グレーゾーンの大学が日本で増える可能性あり
日本では、大学設置に関する文科省の方針は、事前規制から事後チェックへと大きく変化しました。設置基準を緩和する代わりに、認証評価機関による評価で質を維持する方向へと転換し、ある意味でアメリカ的になりました。
しかし、学位だけを販売するアメリカ的なディプロマミルが出てくる可能性は低いでしょう。日本では、社会人が大学に戻って学位を取り直すケースはアメリカに比べて少ないですし、学歴と社会的地位が必ずしも連動しておらず、学位の購入に魅力を感じる層が少ないからです。ただ、今後、海外の大学が参入してくれば、状況が変わるかもしれません。日本では、アメリカの大学の学位は価値が高いと見なされがちです。実際、日本の大学教員でディプロマミルの被害にあった人もいます。

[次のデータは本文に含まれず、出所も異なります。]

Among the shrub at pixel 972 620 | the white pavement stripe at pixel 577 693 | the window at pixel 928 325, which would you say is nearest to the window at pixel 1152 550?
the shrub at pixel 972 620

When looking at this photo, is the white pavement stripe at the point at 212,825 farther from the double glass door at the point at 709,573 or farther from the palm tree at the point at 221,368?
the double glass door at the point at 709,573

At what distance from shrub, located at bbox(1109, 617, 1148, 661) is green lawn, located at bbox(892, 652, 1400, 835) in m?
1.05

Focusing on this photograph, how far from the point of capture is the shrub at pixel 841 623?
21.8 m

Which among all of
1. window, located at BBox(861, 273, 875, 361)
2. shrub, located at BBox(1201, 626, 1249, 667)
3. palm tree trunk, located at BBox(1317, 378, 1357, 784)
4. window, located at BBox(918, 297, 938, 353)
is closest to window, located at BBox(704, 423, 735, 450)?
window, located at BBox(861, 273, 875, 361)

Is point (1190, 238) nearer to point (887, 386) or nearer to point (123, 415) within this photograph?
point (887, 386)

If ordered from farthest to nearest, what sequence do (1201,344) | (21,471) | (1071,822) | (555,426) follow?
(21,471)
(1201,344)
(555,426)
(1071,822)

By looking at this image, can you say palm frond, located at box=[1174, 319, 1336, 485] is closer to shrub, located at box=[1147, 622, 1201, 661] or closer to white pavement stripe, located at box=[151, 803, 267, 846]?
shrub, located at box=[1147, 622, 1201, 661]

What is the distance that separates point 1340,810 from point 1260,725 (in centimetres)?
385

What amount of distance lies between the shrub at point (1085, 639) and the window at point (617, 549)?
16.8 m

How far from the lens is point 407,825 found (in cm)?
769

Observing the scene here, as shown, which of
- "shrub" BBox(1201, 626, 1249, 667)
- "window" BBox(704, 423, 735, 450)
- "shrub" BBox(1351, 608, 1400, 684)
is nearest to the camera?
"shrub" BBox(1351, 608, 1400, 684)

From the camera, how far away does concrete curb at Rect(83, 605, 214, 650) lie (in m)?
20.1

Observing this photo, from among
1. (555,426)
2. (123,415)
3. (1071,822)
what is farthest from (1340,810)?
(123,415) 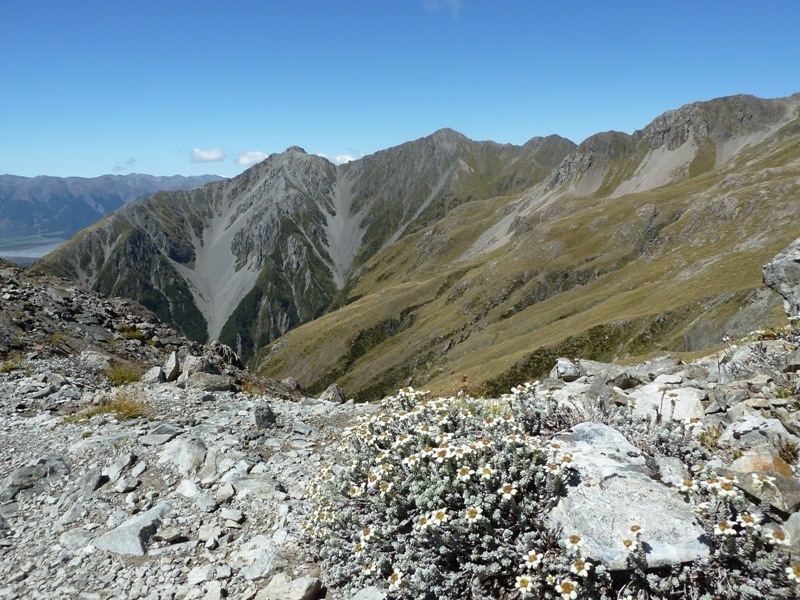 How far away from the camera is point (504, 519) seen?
6.61 metres

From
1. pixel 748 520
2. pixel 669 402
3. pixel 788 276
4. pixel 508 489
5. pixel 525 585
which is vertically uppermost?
pixel 788 276

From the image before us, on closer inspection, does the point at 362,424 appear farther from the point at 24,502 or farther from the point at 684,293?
the point at 684,293

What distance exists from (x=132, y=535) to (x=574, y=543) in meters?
7.95

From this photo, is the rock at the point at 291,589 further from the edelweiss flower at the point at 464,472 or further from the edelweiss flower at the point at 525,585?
the edelweiss flower at the point at 525,585

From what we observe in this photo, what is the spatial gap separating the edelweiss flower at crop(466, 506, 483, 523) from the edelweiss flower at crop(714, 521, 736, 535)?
263cm

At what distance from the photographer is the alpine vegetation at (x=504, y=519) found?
5.33 meters

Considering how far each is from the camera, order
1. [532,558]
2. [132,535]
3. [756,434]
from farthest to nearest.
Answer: [132,535]
[756,434]
[532,558]

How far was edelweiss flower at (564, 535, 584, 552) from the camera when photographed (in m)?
5.34

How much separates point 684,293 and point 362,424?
97075 millimetres

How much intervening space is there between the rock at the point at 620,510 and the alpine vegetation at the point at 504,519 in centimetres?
8

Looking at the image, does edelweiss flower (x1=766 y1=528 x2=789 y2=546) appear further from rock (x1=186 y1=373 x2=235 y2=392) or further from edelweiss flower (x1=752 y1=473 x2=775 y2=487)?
rock (x1=186 y1=373 x2=235 y2=392)

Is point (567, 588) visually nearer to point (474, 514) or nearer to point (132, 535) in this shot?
point (474, 514)

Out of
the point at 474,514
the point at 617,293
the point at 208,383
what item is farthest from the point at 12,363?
the point at 617,293

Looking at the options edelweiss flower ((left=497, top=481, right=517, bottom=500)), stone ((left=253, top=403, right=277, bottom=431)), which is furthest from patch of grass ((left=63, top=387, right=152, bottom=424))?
edelweiss flower ((left=497, top=481, right=517, bottom=500)) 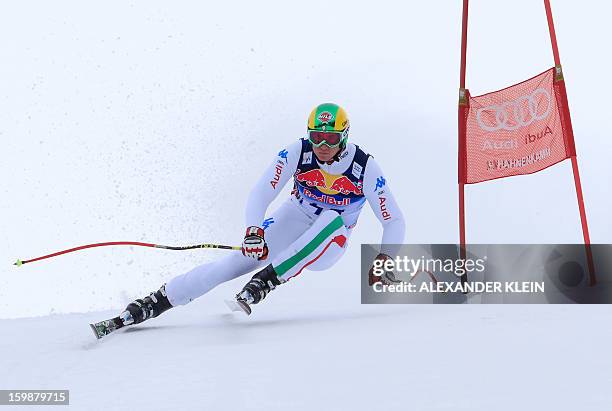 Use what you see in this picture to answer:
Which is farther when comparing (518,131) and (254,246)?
(518,131)

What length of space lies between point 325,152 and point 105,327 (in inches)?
76.9

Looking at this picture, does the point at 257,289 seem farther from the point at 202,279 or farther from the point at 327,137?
the point at 327,137

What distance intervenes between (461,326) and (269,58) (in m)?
15.0

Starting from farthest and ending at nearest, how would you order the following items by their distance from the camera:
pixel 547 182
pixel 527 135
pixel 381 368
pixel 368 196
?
pixel 547 182 < pixel 527 135 < pixel 368 196 < pixel 381 368

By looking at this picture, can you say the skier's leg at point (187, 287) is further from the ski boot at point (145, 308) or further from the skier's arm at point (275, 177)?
the skier's arm at point (275, 177)

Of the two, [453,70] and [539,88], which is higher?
[453,70]

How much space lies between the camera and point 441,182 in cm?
1323

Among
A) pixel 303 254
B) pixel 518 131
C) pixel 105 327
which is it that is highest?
pixel 518 131

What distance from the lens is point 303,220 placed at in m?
5.74

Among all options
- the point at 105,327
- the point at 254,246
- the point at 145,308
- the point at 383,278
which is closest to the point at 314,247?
the point at 254,246

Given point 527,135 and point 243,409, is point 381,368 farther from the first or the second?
point 527,135

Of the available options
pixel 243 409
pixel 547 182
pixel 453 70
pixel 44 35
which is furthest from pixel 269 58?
pixel 243 409

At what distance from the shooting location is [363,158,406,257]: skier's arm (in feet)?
18.1

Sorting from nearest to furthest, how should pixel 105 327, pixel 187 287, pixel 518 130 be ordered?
pixel 105 327, pixel 187 287, pixel 518 130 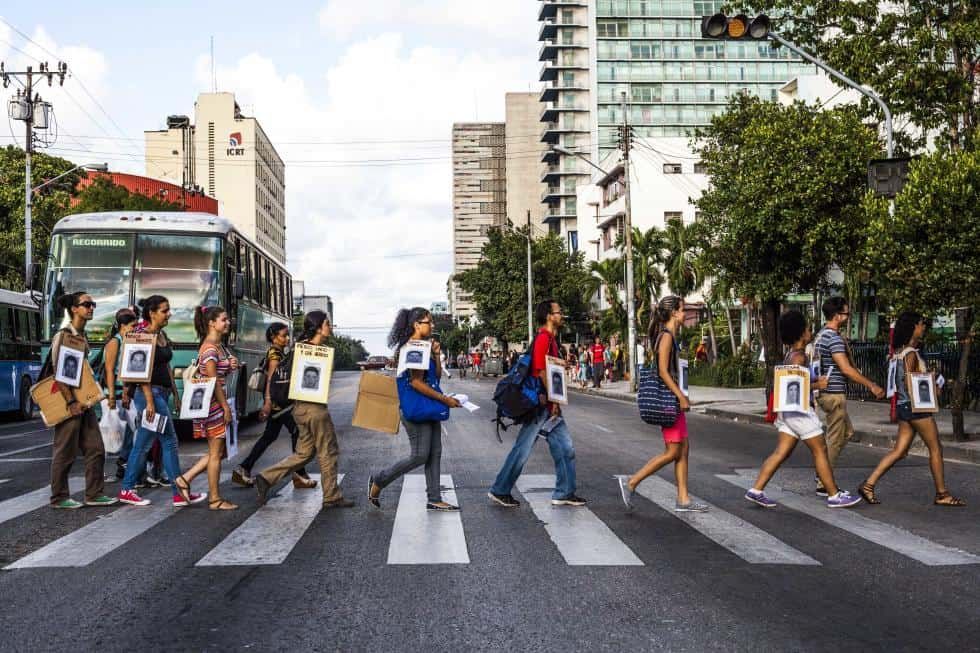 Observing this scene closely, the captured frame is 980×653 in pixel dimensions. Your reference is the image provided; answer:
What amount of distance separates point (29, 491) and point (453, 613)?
278 inches

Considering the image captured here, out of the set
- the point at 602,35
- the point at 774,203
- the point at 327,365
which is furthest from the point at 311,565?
the point at 602,35

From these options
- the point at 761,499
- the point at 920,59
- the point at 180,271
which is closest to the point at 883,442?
the point at 920,59

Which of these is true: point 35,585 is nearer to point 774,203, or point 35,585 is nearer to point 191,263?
point 191,263

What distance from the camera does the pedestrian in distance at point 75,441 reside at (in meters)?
9.33

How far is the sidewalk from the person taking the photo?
14.6 m

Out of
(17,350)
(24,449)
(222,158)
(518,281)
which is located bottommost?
(24,449)

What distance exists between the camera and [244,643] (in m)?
4.96

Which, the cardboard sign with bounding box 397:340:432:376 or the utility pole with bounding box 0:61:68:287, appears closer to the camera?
the cardboard sign with bounding box 397:340:432:376

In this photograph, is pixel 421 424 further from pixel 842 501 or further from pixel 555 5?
pixel 555 5

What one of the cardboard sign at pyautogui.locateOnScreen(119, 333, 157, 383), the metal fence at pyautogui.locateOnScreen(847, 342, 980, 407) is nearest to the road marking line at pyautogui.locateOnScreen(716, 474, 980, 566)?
the cardboard sign at pyautogui.locateOnScreen(119, 333, 157, 383)

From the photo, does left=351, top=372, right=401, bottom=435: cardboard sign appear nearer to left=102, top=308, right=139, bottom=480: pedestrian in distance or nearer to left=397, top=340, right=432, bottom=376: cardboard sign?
left=397, top=340, right=432, bottom=376: cardboard sign

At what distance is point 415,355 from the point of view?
8.86 meters

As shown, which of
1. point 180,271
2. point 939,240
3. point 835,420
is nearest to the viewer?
point 835,420

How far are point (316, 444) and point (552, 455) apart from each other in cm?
205
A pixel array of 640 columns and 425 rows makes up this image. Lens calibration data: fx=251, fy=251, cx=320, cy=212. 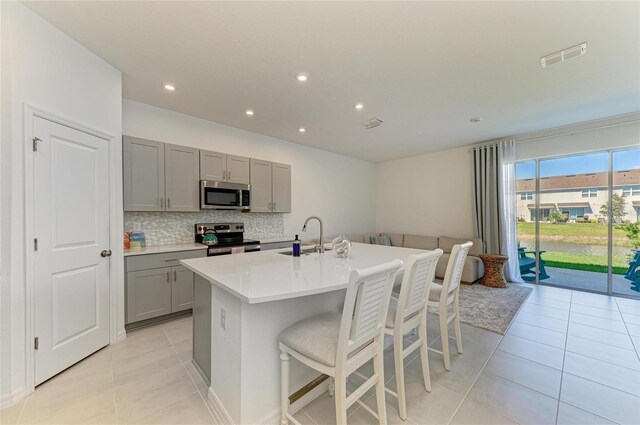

極端なディプロマミルの心配は少なくても、設置基準の緩和によって、入学したら誰でも卒業できる、つまり「4年間の時間と学費で『学位を買う』」という大学が生まれる可能性はあります。もちろん、大学としての最低基準さえも満たしていないディプロマミルとは次元が違う問題ですが、学位は何を保証するのか、高等教育の質をどう維持するのかという観点から考えれば、ディプロマミルに近いグレーゾーンに属する大学といえなくもありません。こうした大学が育つ土壌をつくらないためにも、大学教育の質を保証する仕組みを整備することは緊急の課題です。